By Harshit
NEW YORK, FEB. 5, 2026 — U.S. MARKETS
Bitcoin slid sharply in early U.S. trading on Thursday, breaking below the $70,000 mark for the first time since November 2024, as investor unease grew over President Donald Trump’s reported pick of Kevin Warsh as the next Federal Reserve chair.
The world’s largest cryptocurrency was last trading around $69,300 by mid-morning in New York, down more than 5% on the day, after fluctuating between roughly $70,098 and $76,130 earlier in the session. Ether fell about 6%, hovering near $2,080, according to CoinMetrics data.
The sell-off comes as traders reassess the outlook for U.S. liquidity, a key driver of risk-sensitive assets such as cryptocurrencies.
Fed Leadership Uncertainty Pressures Risk Assets
Market participants linked the move to concerns that a Warsh-led Federal Reserve could accelerate balance-sheet reduction, draining liquidity from the financial system.

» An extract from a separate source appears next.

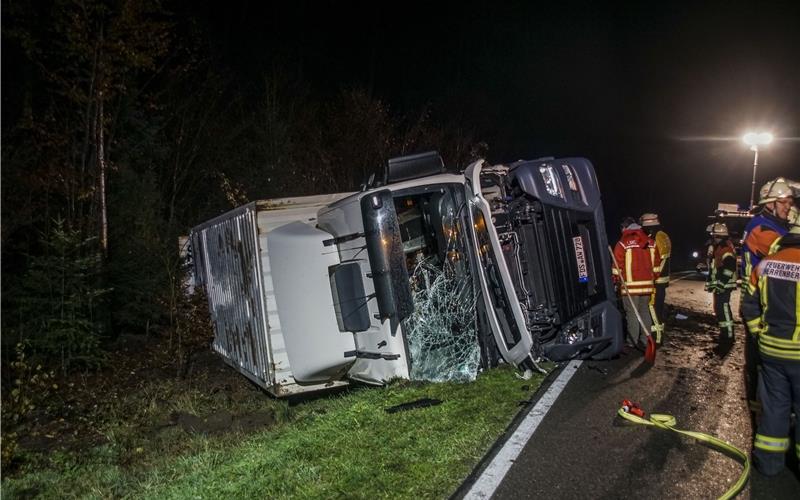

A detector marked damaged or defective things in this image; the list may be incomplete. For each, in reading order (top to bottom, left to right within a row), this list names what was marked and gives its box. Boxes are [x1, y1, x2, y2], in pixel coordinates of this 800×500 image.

overturned truck [191, 152, 620, 394]
shattered windshield [396, 186, 478, 380]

“The market fears a hawk with him,” said Manuel Villegas Franceschi, analyst at Julius Baer, referring to Warsh’s historically conservative stance on monetary policy.

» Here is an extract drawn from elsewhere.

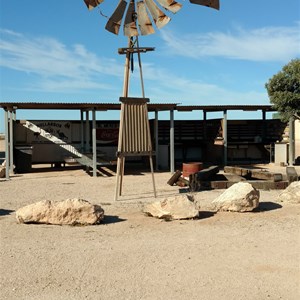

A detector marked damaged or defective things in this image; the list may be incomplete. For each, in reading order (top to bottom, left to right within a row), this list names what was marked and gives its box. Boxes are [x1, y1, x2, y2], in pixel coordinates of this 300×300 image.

rusted metal drum [182, 162, 203, 178]
rusty red barrel [182, 162, 203, 178]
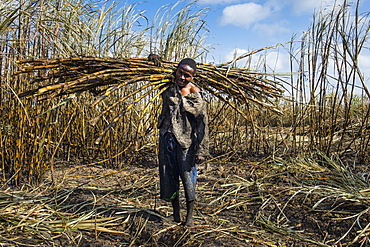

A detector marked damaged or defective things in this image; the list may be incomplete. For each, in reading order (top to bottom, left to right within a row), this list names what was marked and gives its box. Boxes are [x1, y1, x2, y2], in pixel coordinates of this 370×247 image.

ragged clothing [158, 84, 210, 202]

A shrinking Fed balance sheet has typically acted as a headwind for speculative assets, as it signals tighter financial conditions and reduced excess liquidity.
Warsh’s nomination is still under review in Washington, adding to uncertainty. Reuters also reported this week that an ongoing probe involving current Fed Chair Jerome Powell has further complicated the confirmation process.
ETF Outflows Add to Downward Pressure
The downturn has also refocused attention on U.S. spot bitcoin exchange-traded funds, which have become a key barometer of institutional sentiment.
Analysts at Deutsche Bank noted “massive withdrawals from institutional ETFs,” estimating that U.S. spot bitcoin ETFs saw more than $3 billion in net outflows during January, following heavy redemptions late last year.
Bitcoin is now down more than 7% this week and nearly 20% year-to-date, Deutsche Bank said.
James Butterfill, head of research at CoinShares, described $70,000 as a “key psychological level.”
“If we fail to hold it, a move toward the $60,000 to $65,000 range becomes quite likely,” Butterfill said.
Liquidity, Not Hype, Driving the Market
The broader risk-off mood has been reinforced by weakness in U.S. equities, particularly technology stocks, which sold off on Wednesday. That pressure spilled into crypto markets alongside continued liquidations.
More than $2 billion worth of long and short crypto positions have been liquidated this week alone, according to Coinglass data, amplifying volatility as automated sell orders were triggered.
Bitcoin has now fallen roughly 40% from its all-time high above $126,000 reached in October.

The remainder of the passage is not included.